If I don’t want to spend any extra money I still have the option to use a VPN without the additional device management provided by Intune.
I could use my Surface Pro 3 at home as I have a dock and can use two monitors with that as well. Finally I could use Windows to Go. If you are an enterprise user with a copy of Windows 10 Enterprise then you can use a wizard to create a USB stick based version to carry around with you. This can then be plugged into any device that will run Windows 10 and that can boot from USB. The device owner is reassured that you cannot mess around with his data or hardware and you are safe in the knowledge that this BitLocker protected device is safe secure and you can remain fully functional on the road, at home or anywhere else that there is a device waiting for you.
At Customer Sites or events
Now I can dream that I will get to work in such idyllic locations, but it really doesnt matter where I am or what I want to do. Armed with the Surface Pro 3 or the Windows to Go stick I am pretty much bullet proof as far as devices go.
If,however, I am caught short and only have my phone with me, i have scored there as well. I have a Microsoft Lumia 950 as my issued work smartphone. You might have gathered by now that I am a bit of a gadget geek. This device is pure magic for me. I was lucky enough to given a prototype and a trial version so have used this for the best part of a year now.
As a phone it does what it should as a smartphone it equally holds up to most competition. It is fast, the camera is excellent, it runs Windows 10 so all my Universal Windows Platform apps (UWP) work seamlessly as well. It has more RAM and a faster processor (with six cores) than any PC I had had up until at least 2008 or so.
The big news now though is that this phone will turn itself into a PC just by adding a Bluetooth keyboard and mouse and either a large screen with Miracast or add the small dock and you can use wired keyboard and mouse and up to two additional screens.
I now use this as my presentation device at almost all events and meetings. It is also under Intune management and has access to the VPN, indeed it has app activated VPN as well so any application that requires VPN access automatically connects.
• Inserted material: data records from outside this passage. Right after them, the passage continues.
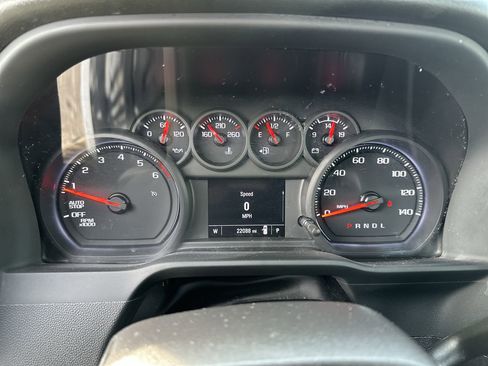 Used 2024 Chevrolet Silverado 1500 W/T w/ WT Fleet Convenience Package image 15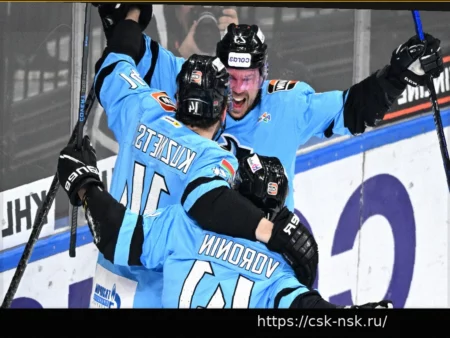 Минское «Динамо» упрочило позиции во втором матче серии с московским «Динамо»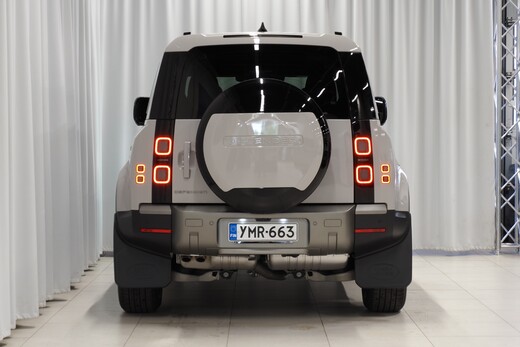 Land Rover Defender vaihtoauto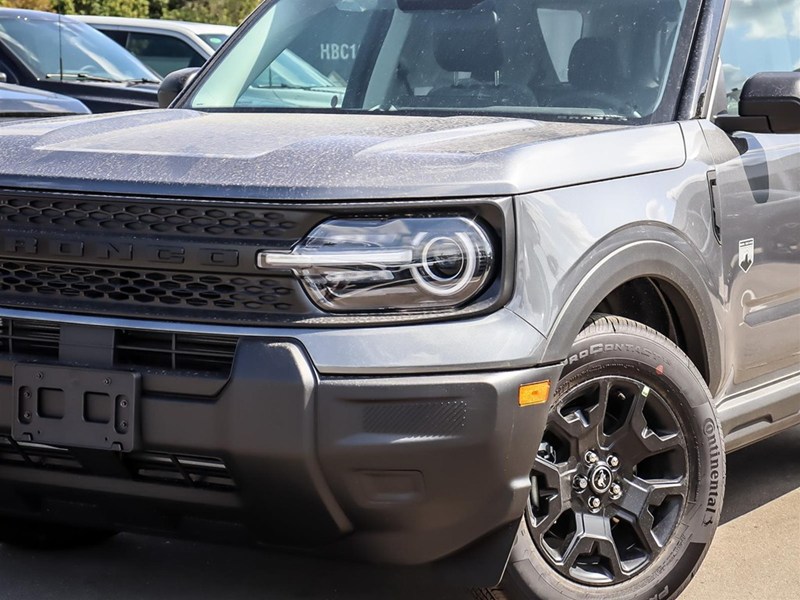 2026 Ford Bronco Sport Big Bend 4x4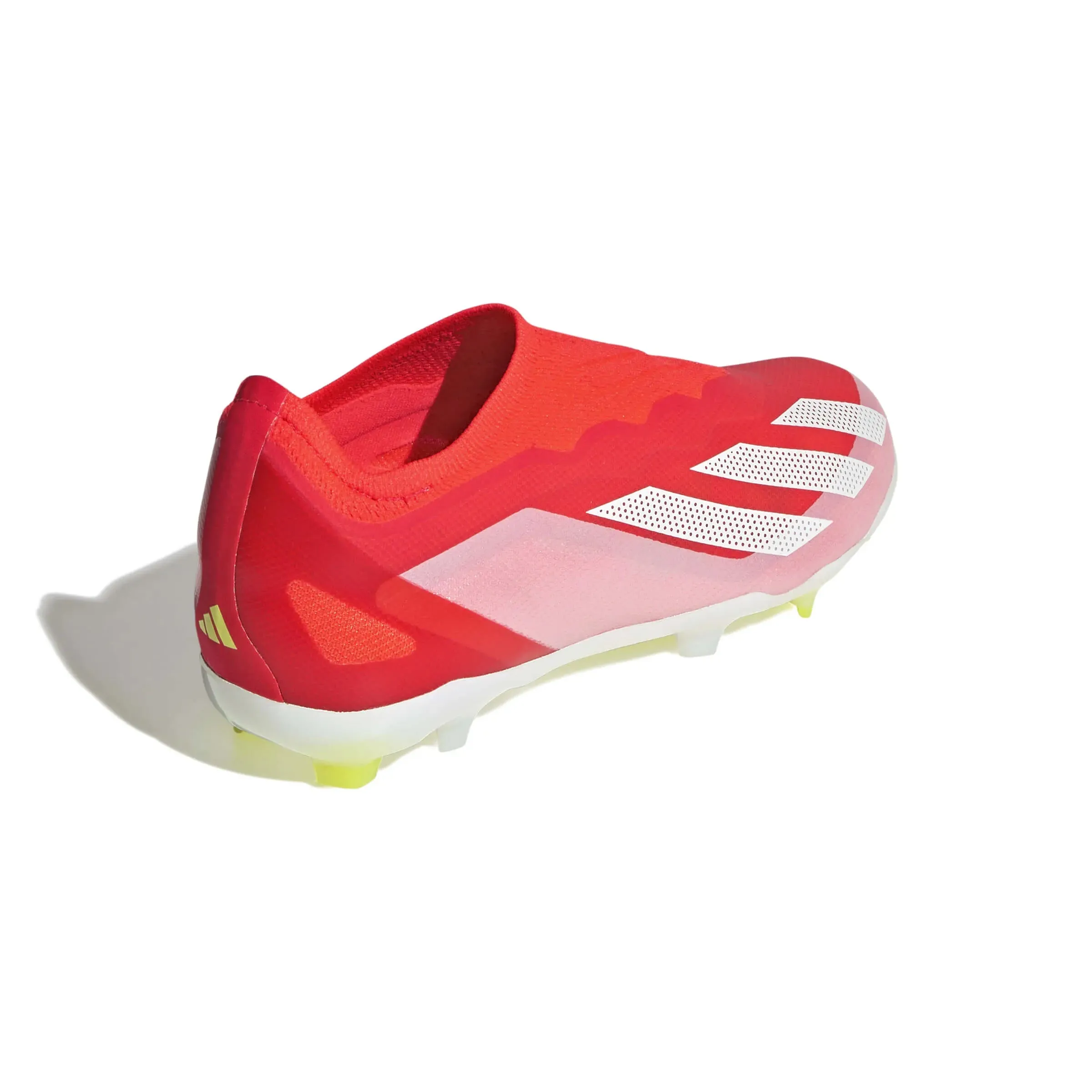 adidas JR X Crazyfast Elite Laceless FG - Energy Citrus Pack (SP24)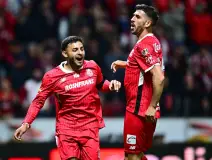 Alexis Vega y Paulinho, Toluca; Liga MX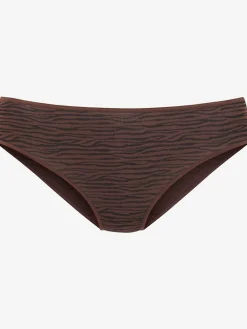 LASCANA Culottes<Slips jazz finitions élastiques et plates à la taille et aux échancrures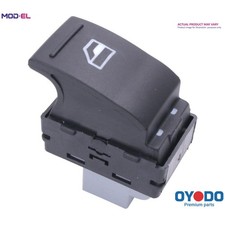 SWITCH WINDOW REGULATOR 94B9004-OYO FOR RENAULT CLIO/IV/Grandtour CAPTUR ZOE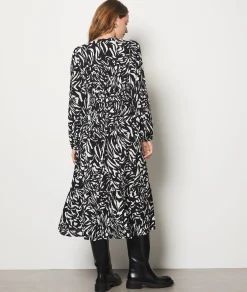 Best Sale Robe longue imprimée Robes Imprimées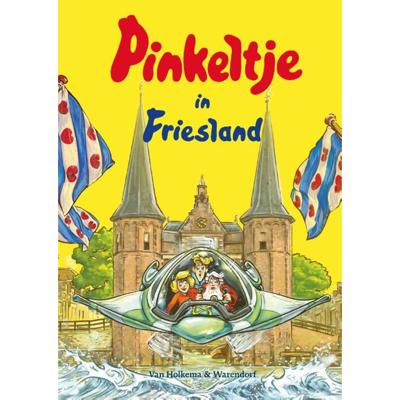 Pinkeltje in Friesland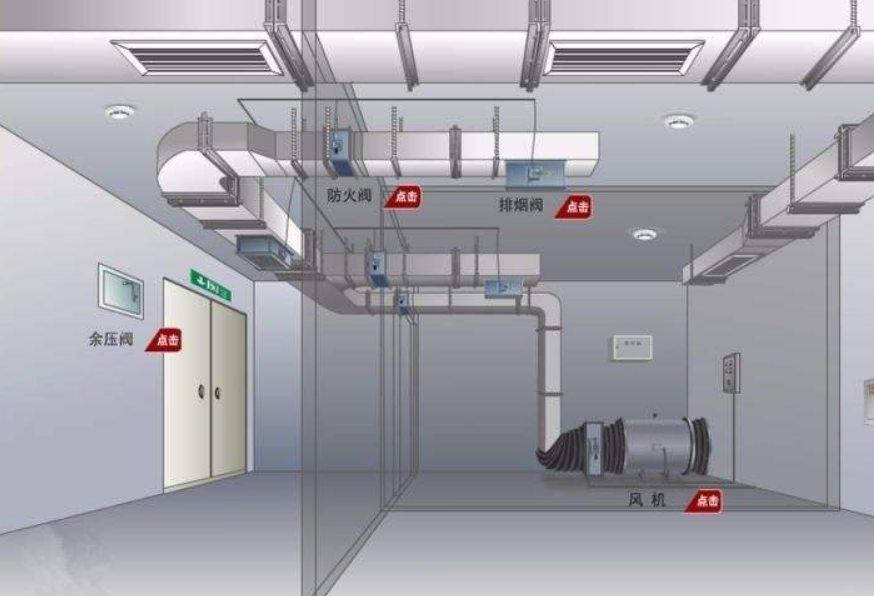 消防排烟系统3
This phenomena is known as Continuum for the phone and is pretty much game changing.
The only downside is that until developers have written more UWP apps, the number of apps that will run in the large screen is small. I am glad to say that all my productivity apps as well as Microsoft Edge do run in a full screen.
So now from playing films (sorry movies) and videos whilst away from home to presenting awesome slides and demonstrations it can do it all. All the other brands, are now playing catch up with turning the phone into a single device to do everything on!
I added this as the only really mobile part as in moving while using technology. I often work when I am travelling on a train or plane. All the above applies although I don’t often use the phone for anything other than sharing my 4G EE connection with my Surface Pro 3 to get some reasonable connectivity.
I appreciate that I haven’t covered many of the Windows ecosystem devices in this post. Simply because I don’t use them day to day.
I haven’t seen a HoloLens up close. I don’t have access to a Surface Hub at home or in my working day very often. I do have an Xbox One but rarely use it for work, other than watching great Channel 9 and Microsoft Virtual Academy content. Indeed there is a load of very good content up on the Enterprise Mobility Suite why not take a look at some lab walkthrough videos I recorded showcasing the abilities of the Enterprise Mobility Suite?
I have all I need to work anywhere on any device (even non- Windows devices using Office 365 and the Enterprise Mobility Suite).
Windows 10 fits the bill for everything I need to do.
Now to find that nice man Phil and get hold of the Surface Book I truly deserve.